Not a day goes by that I don’t hear my father reminisce about the beauty of his motherland and his people—and the heavy sigh that unfailingly follows his nostalgia. It’s when I hear those sighs and when I catch him staring blankly into empty space that I see him for who he has become. The human layers of stories and healthy experiences that make one a whole person are stripped off of adult immigrants when they make the transition. Painfully plucked from the soil that they had called their own, immigrants must strive to make a living in a land that is not their own. In a desperate attempt to hold onto what they had once called home, they become vitriolic vials of concentrated ideology. They close their ears, they purse their lips and rock back and forth while chanting prayers for the welfare of their progeny. Forcefully suppressing dreams and reveries that might have been entertained in their native lands, their daily motto is reduced to “I just want to get by.” And so, the faces they put on at home can differ radically from the faces they present to the outside world.

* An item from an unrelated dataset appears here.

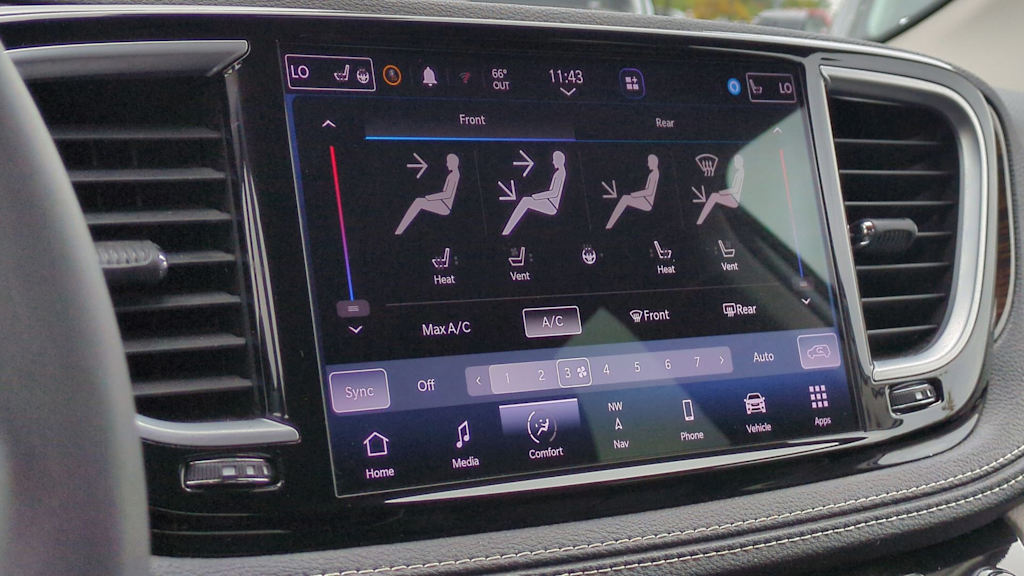 Thumbnail: 2023 Chrysler Pacifica - 33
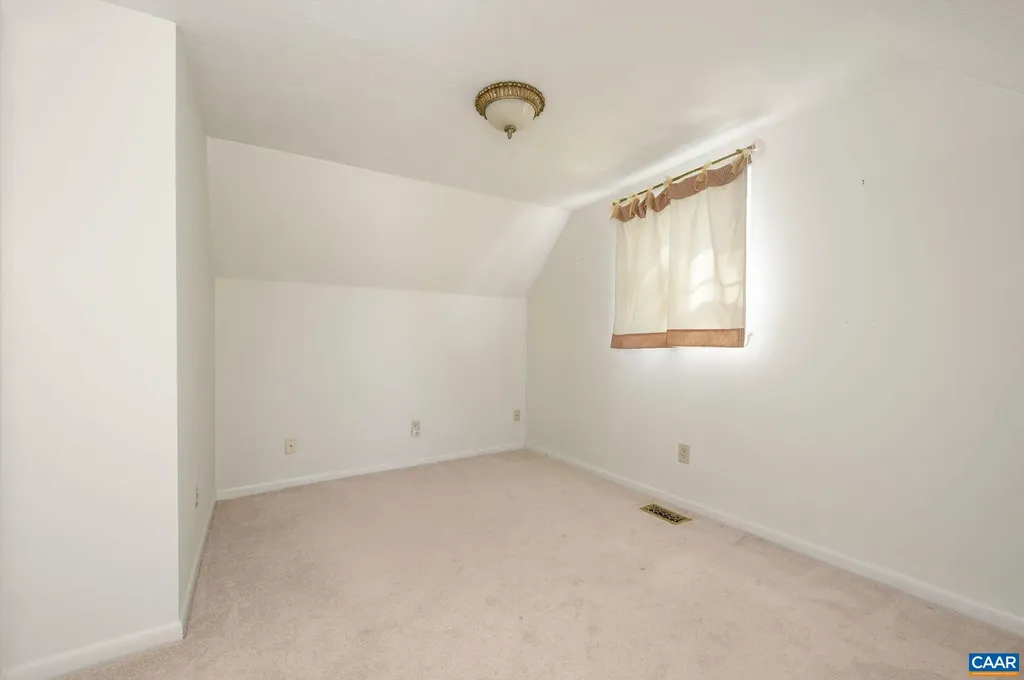 1655 Redwing Lane Charlottesville VA 22911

But some—namely the ones who hope to never part with their heritage—find more birds of the same feather and carry on with their traditions in new lands. These are the ones who make the world a more diverse place and are almost always the ones picked by gods of evolution. These are the harbingers of globalization, the parent rock of global citizens. But sometimes their rigid loyalty to their cultures can appear frighteningly alien to latent xenophobes and every once in a while, humanity-defeating events like the recent shooting at a Sikh Temple in Wisconsin, take place. Why don’t they try to blend in just a bit more? And what of the kids who held their parents’ hand as they stepped onto fresh land? Who are they to become? How are they to define themselves?
I moved to the States as a dual citizen from India a few months before I turned 17. I had already identified myself as an Indian, born and bred in that unforgettable subcontinent that is home to both the Taj Mahal and the largest slums in the world. But lately I’ve found myself madly and irrevocably in love with the USA and its inhabitants. What shall we call me now?

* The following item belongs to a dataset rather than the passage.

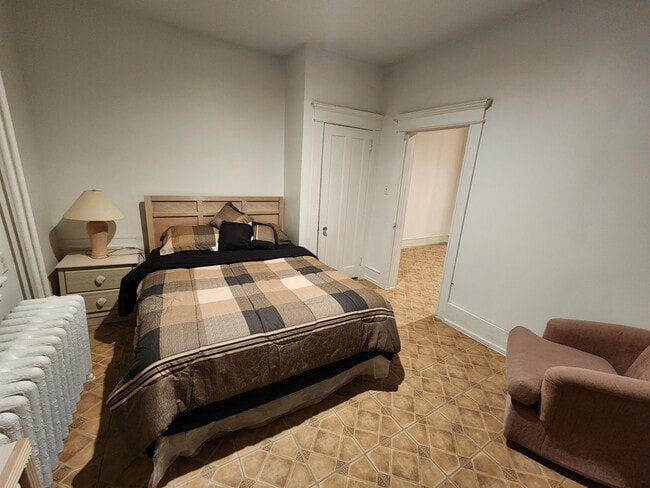 Dormitorio - 3531 Pacific Ave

Just like many other immigrants I meet, I often find myself trying to keep from drowning in the familiar ocean of bipolar disorders while trying not to be attracted to the seductive calls of nihilism. For many, globalization—instead of molding the world into a more tolerant place with equal portions for all—has given rise to new “others.” Each one begins to doubt and question their own background and shuns all that appears frighteningly different.